> **Required work**: Pictures in the records below must be left out. Return exactly the lines from the line with "Baza od nehrđajućeg" to the line with "ARTFUL GEOMETRY 2-Door", both included.

> **Listed records**:
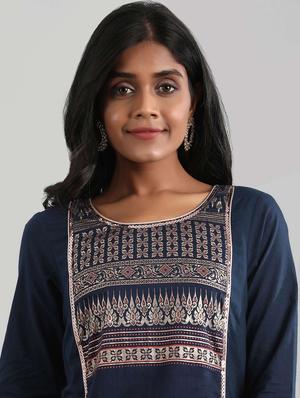 blue cotton straight kurta - 17614242 - Standard Image - 4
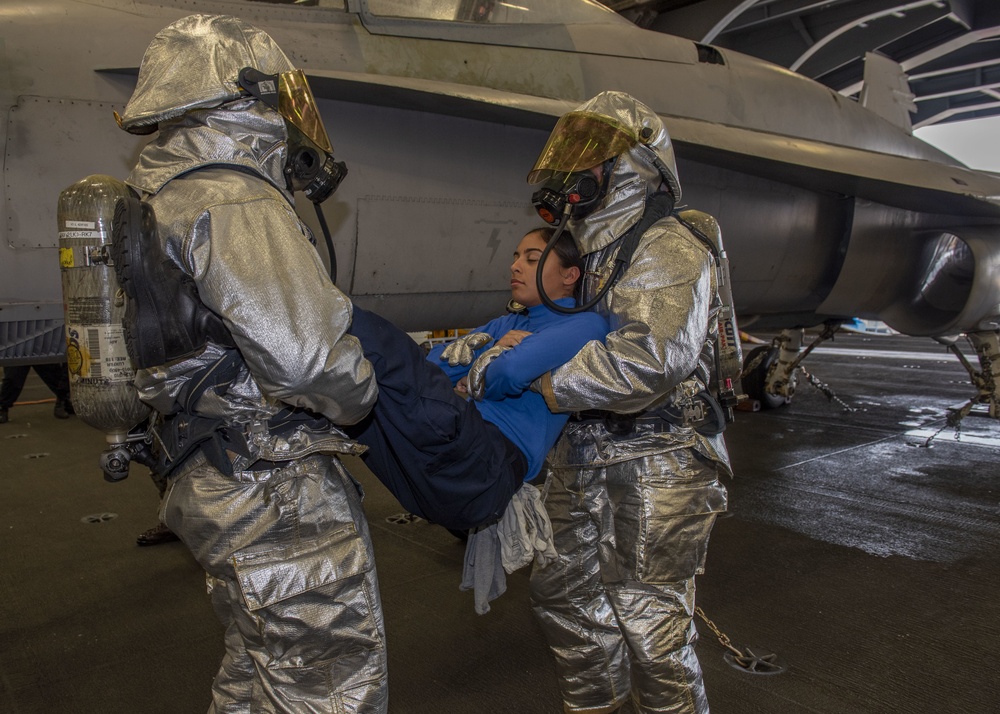 GHWB Sailors Participate in Hangar Bay Drills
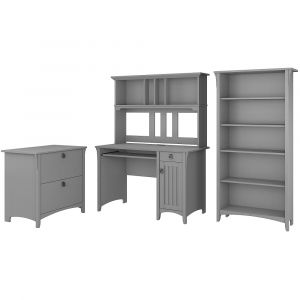 Bush Furniture - Salinas Mission Desk with Hutch, Lateral File Cabinet and Bookcase in Cape Cod Gray - SAL002CG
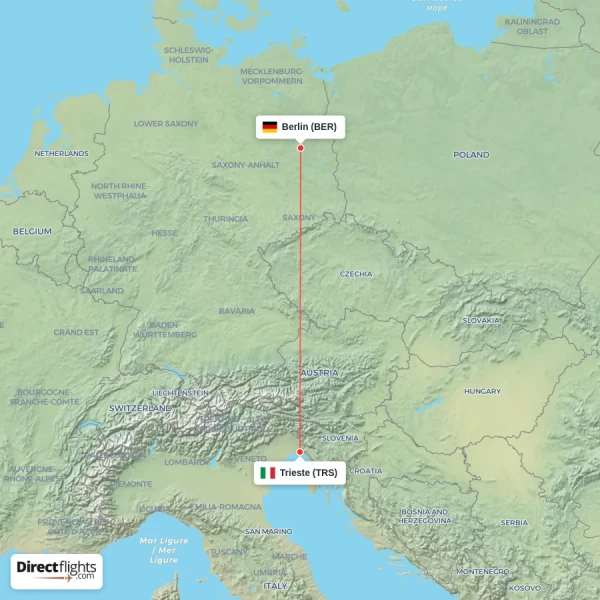 Trieste - Berlin direct flight map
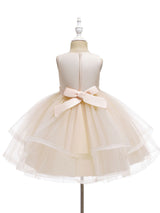Jewel Neck Polyester Sleeveless Short Ball Gown Bows Kids Social Party Dresses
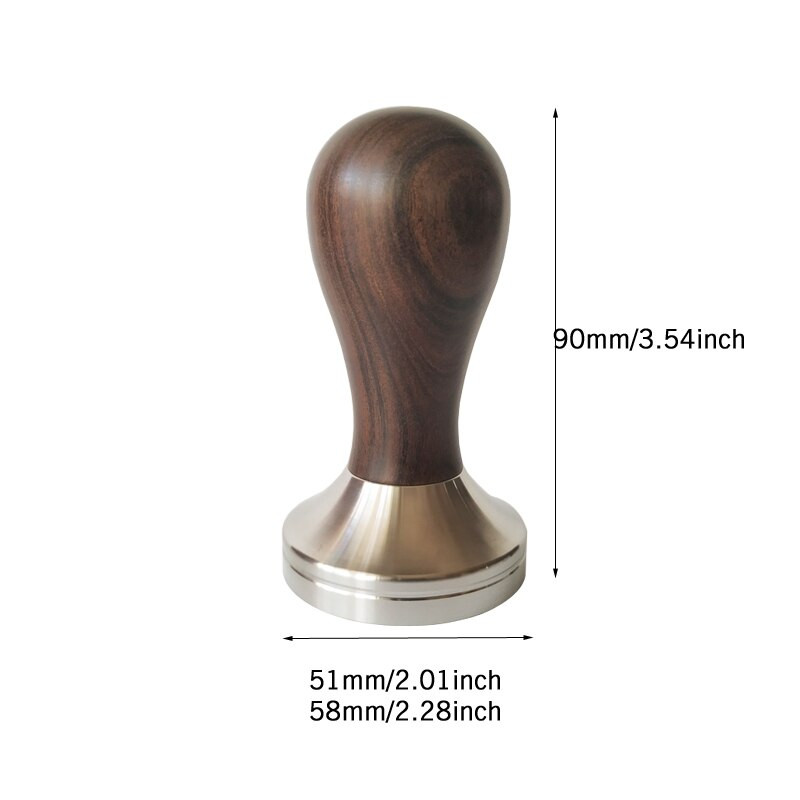 Baza od nehrđajućeg čelika 304 Chacate Preto Drvena ručka Tamper Čekić za kavu u prahu 51/53/58 mm Prilagođeni dodaci za kavu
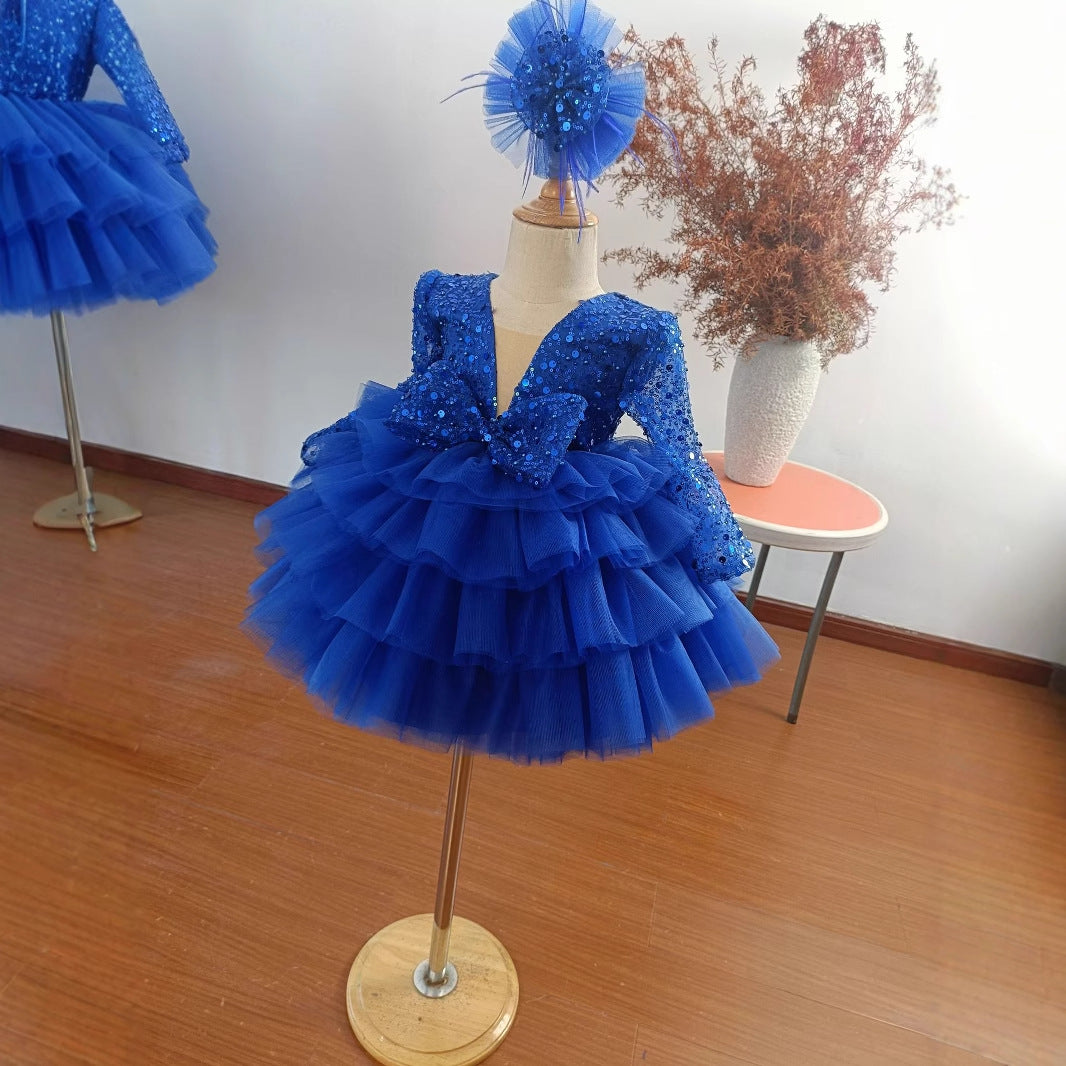 Abito Elegante Bambina Blu Royal con Paillettes, Tulle e Maxi Fiocco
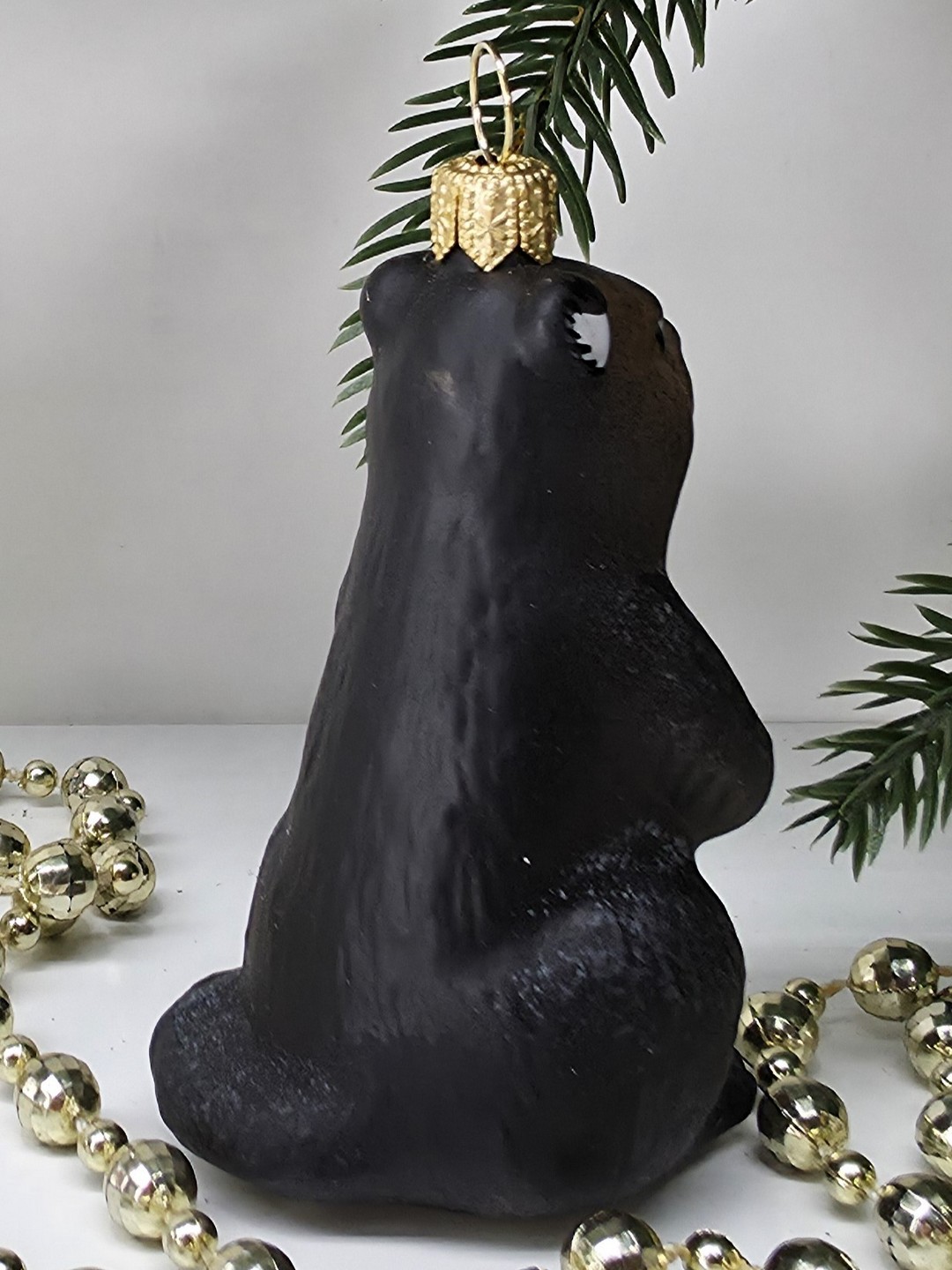 фото Стеклянная елочная игрушка Бобр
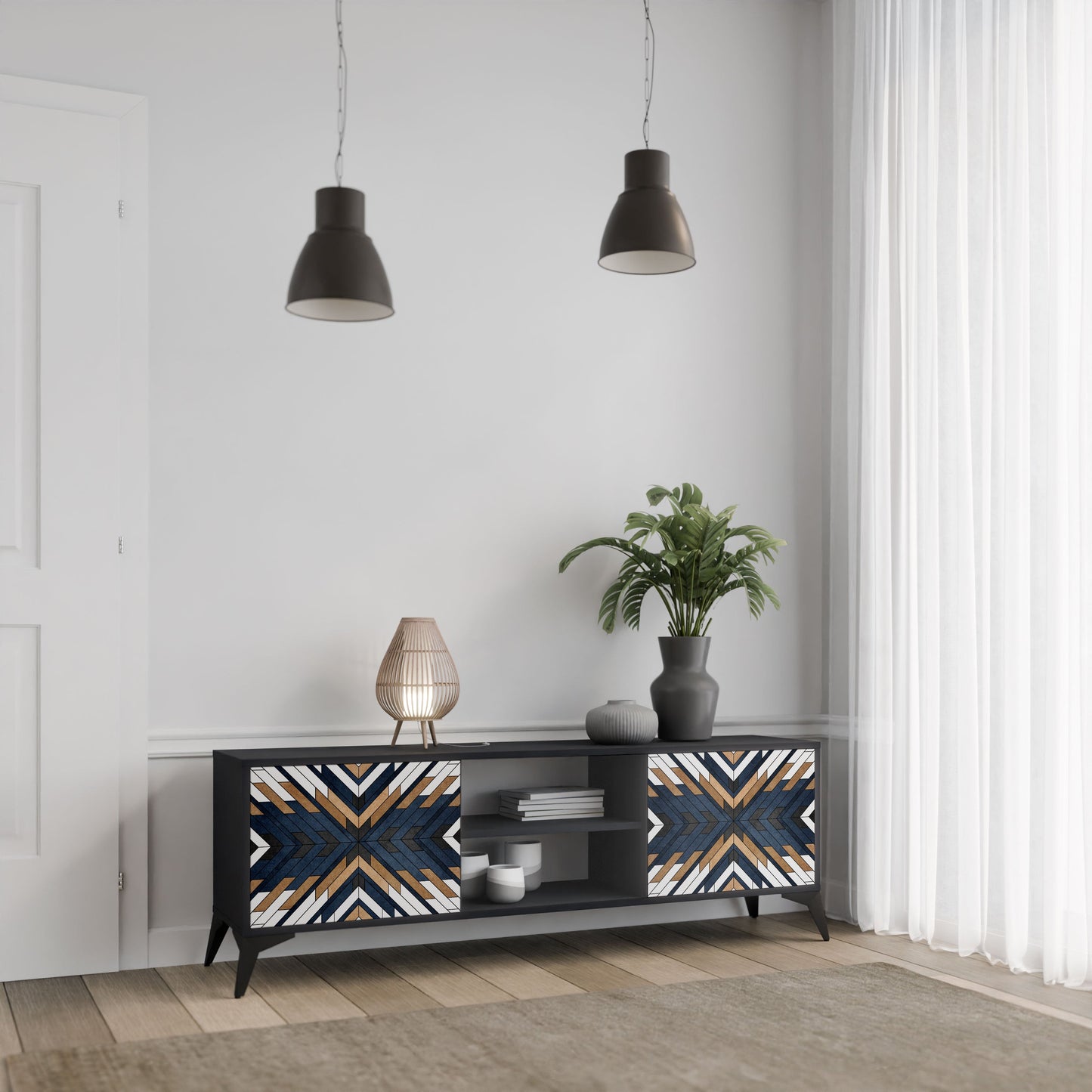 ARTFUL GEOMETRY 2-Door TV Stand in Black Finish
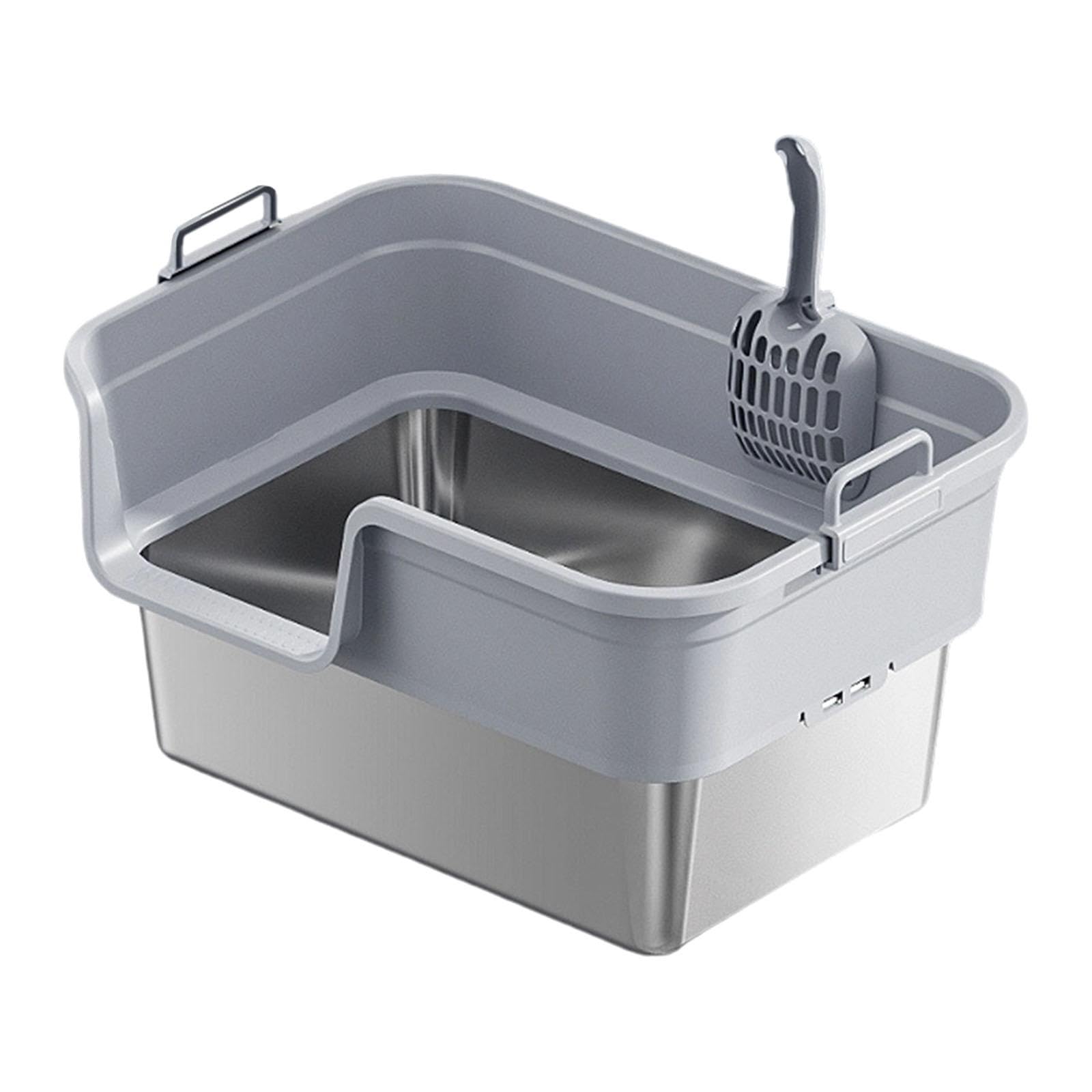 Arenero Semicerrado con Pala, Fabricado en Acero Inoxidable Y PP, con Bordes para Evitar Derrames, Apto para Gatos de Interior.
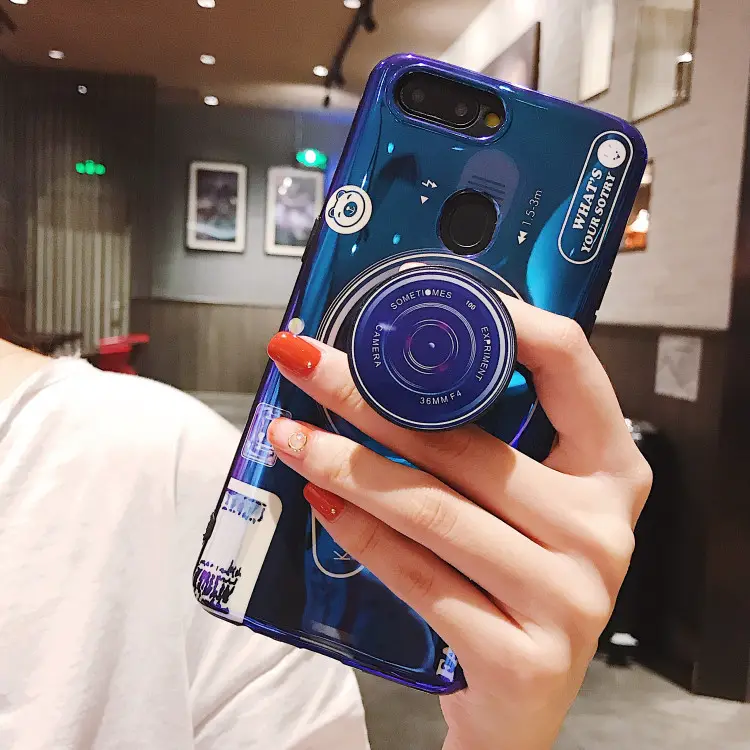 Cool Imd Camera Ontwerp Tpu Mobiele Telefoon Geval Met Houder Voor Iphone Xs Max, voor Samsung S9 Plus Case Camera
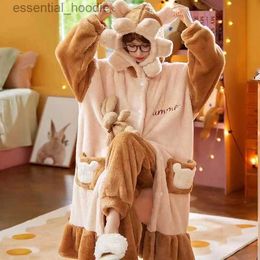 Women's Sleep Lounge Winter Flannel Pajamas Sets For Women Cute Sweet Pyjamas Hooded Nightgown Suits Thicken Warm Sleepwear Long Sle Homewear L231129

> **Response below**:
 Baza od nehrđajućeg čelika 304 Chacate Preto Drvena ručka Tamper Čekić za kavu u prahu 51/53/58 mm Prilagođeni dodaci za kavu
 Abito Elegante Bambina Blu Royal con Paillettes, Tulle e Maxi Fiocco
 фото Стеклянная елочная игрушка Бобр
 ARTFUL GEOMETRY 2-Door TV Stand in Black Finish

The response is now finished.